Mitt Romney reveals his tax rate, no more

Published: August 16, 2012 

WASHINGTON -- Mitt Romney said Thursday that over the past 10 years, he had never paid less than a 13 percent rate in income taxes, but he refused again to release more of his returns.

Soon to be nominated as the Republican presidential standard-bearer, Romney said he had gone back and looked at his taxes, and found that "over the past 10 years, I never paid less than 13 percent. I think the most recent year is 13.6 or something like that."

Earlier this year, Romney released his 2010 returns and estimates of his 2011 taxes. In 2010, he paid taxes at a 13.9 percent rate. For 2011, he expected to pay a 15.4 percent rate.

At a news conference Thursday in Greer, S.C., Romney tried to defuse the political controversy over his stance, saying the commotion was "small-minded."

And he took aim at Senate Majority Leader Harry Reid, D-Nev., who charged earlier this month on the Senate floor that Romney had paid no taxes for a decade, but offered no proof. Reid said he had heard that from a Bain Capital investor whom he refused to identify. Romney co-founded Bain, a private equity firm.

"I paid taxes every single year," Romney said. "Harry Reid's charge is totally false. I'm sure waiting for Harry to put up who it was that told him what he says they told him."

On Thursday, Reid wouldn't back down.

"We'll believe it when we see it," said his spokesman, Adam Jentleson. "Until Mitt Romney releases his tax returns, Americans will continue to wonder what he's hiding. Romney seems to think he plays by a different set of rules than every other presidential candidate for the last 30 years, all of whom lived up to the standard of transparency set by Mitt Romney's father and released their tax returns."

When Romney's father, George Romney, was the governor of Michigan and ran for president in 1968, he released 12 years' worth of returns.

Reid has refused to release his own tax returns, despite repeated requests from McClatchy Newspapers.

Romney's comments are the latest chapter in a saga that has kept his presidential campaign on the defensive.
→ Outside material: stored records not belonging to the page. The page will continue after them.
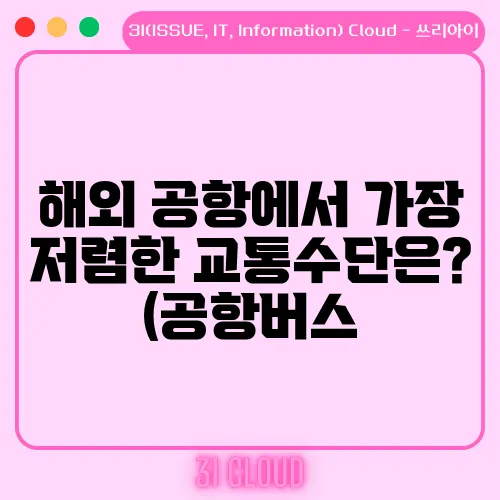 해외 공항에서 가장 저렴한 교통수단은? (공항버스, 택시, 지하철 비교)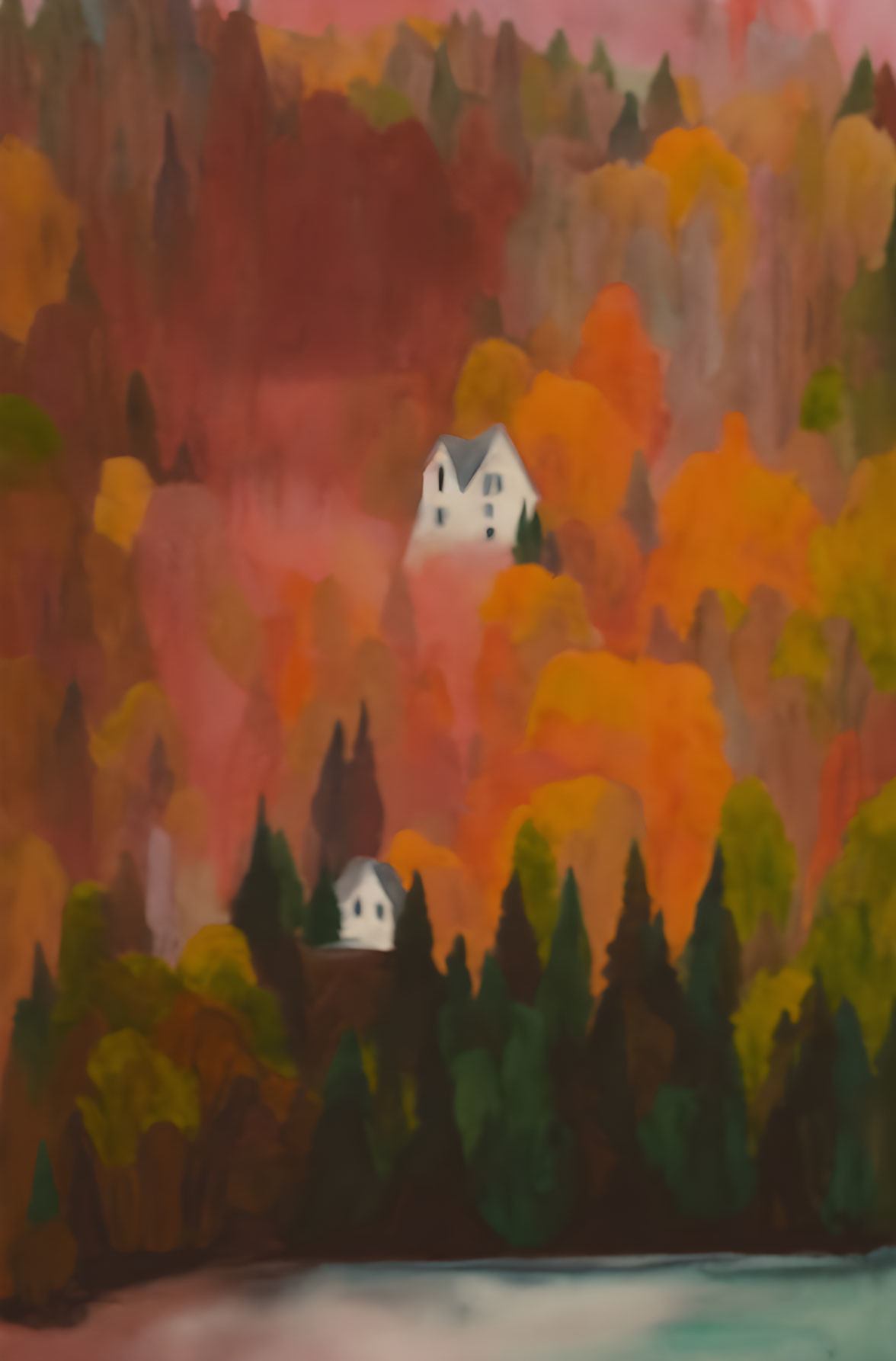 Impressionistic painting of white houses in autumn landscape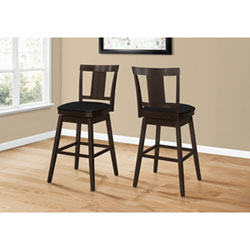 Monarch Traditional Bar Height Swivel Barstool - Set of 2 - Espresso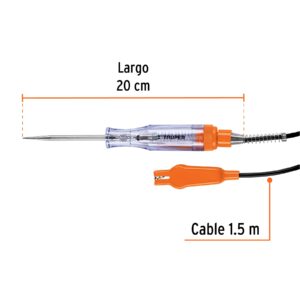 Probador de circuitos 20 cm de corriente directa c/caimán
President Barack Obama's forces have relentlessly demanded release of the returns, suggesting that Romney is hiding something.

"He has the ability to prove his claim," Obama campaign spokesman Ben LaBolt said. "The American people deserve the opportunity to look through these documents and make their own conclusions. ... We would say, prove it, Mr. Romney."

Romney didn't explain Thursday why he won't release the returns. His comments came at the end of a news conference where other topics were discussed.

"I just have to say, given the challenges that America faces -- 23 million people out of work, Iran about to become nuclear, one out of six Americans in poverty -- the fascination with taxes I paid, I find to be very small-minded compared to the broad issues we now face," he said.

In January, Romney reported owing $6.2 million in federal taxes on $42.5 million in income over the past two years. His campaign released more than 500 pages of documents.

The data showed that Romney had offshore accounts in the Cayman Islands and his blind trust maintained a Swiss bank account until 2010.

It revealed that the Romneys had an adjusted gross income of $21.6 million that year and paid about $3 million in taxes. The couple also donated $2.9 million to charitable causes.

Since virtually all their income was from past investments and taxed as capital gains, they had an effective 2010 rate of taxation of 13.9 percent. Last year, Romney earned an estimated $20.9 million, and he expected to pay $3.2 million, for a 15.4 percent rate. Ann Romney, the candidate's wife, has defended the decision not to release any more returns.

"We have been very transparent to what's legally required of us," she said in an interview to be broadcast Thursday on NBC. "There's going to be no more tax releases given."

If they release any more information, she said, "it will only give them more ammunition," referring to her husband's political opponents. "There's nothing we're hiding."